血の気の引く思いで、その場に立ち上がる。
頭が真っ白になりかけながらも、駆け出すようにして病室を飛び出していた。
航くんが……航くんが……!
ナースステーションに向かって廊下の角を勢いよく飛び出した時、体当たりするようにしてやってきた人に突っ込んでしまう。

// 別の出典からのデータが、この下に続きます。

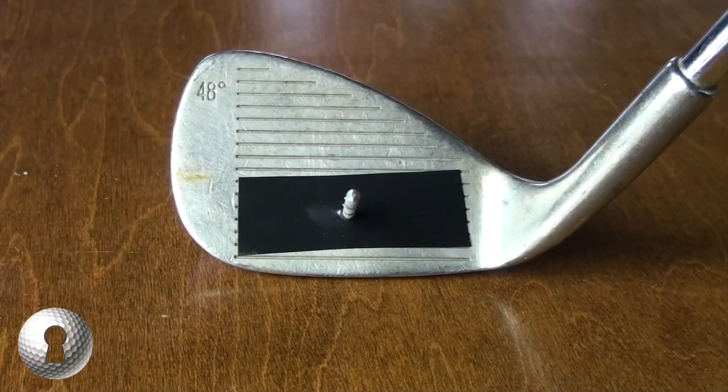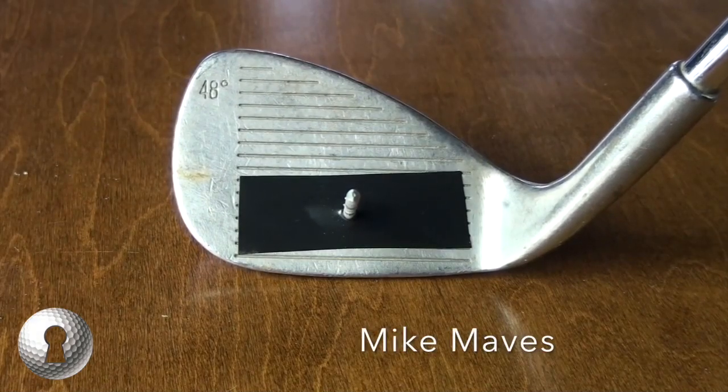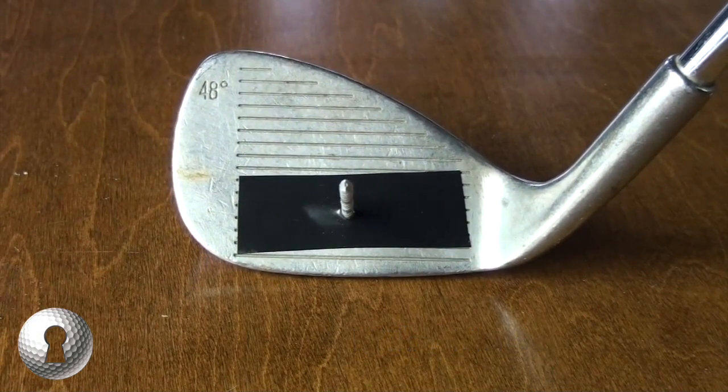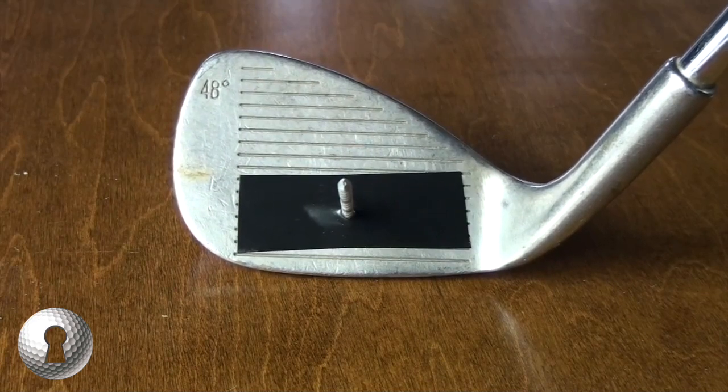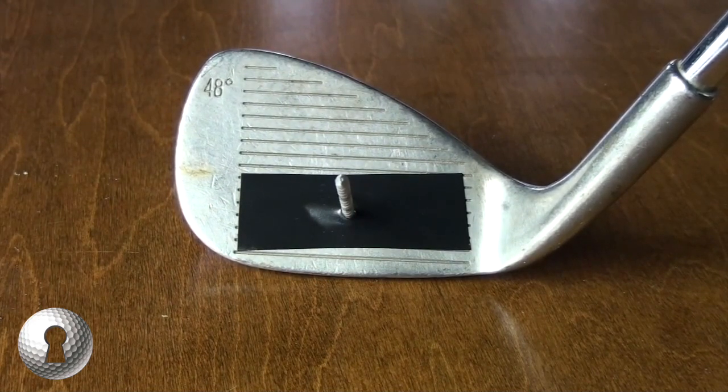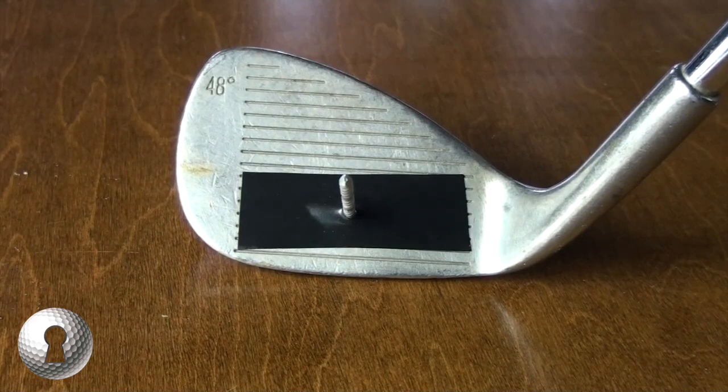I've got a little bit of a demonstration. I got my electrical tape out again, and I've put a nail into the face of the club, so it's pointing roughly where the ball should take off from the center. I want to visually demonstrate what happens when the golf club is too upright for you, and you come in heel first.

「おっと」と驚いたような声が降ってきて、弾かれたように顔を上げると、私を受け止めていた腕の主が天笠先生だということにそこで気が付いた。
「どうした、そんなに慌てて」
何も知らない天笠先生は、血相を変えて慌てふためく私を不思議そうな顔をして見下ろしている。
「航くんが、航くんがいなくなってしまって!」
「いなくなった?」
「あのだから、私、探しに――」
天笠先生は「ちょっと落ち着け」と、受け止めたまま掴んでいた私の両二の腕を強く揺する。
「ちゃんと確認したのか? いなくなったって、病院のどこかに――」
「外用のスニーカーが、なくなってるんです!」
私の告げた内容に、天笠先生のレンズの向こうの瞳が微かに揺れるのを目撃した。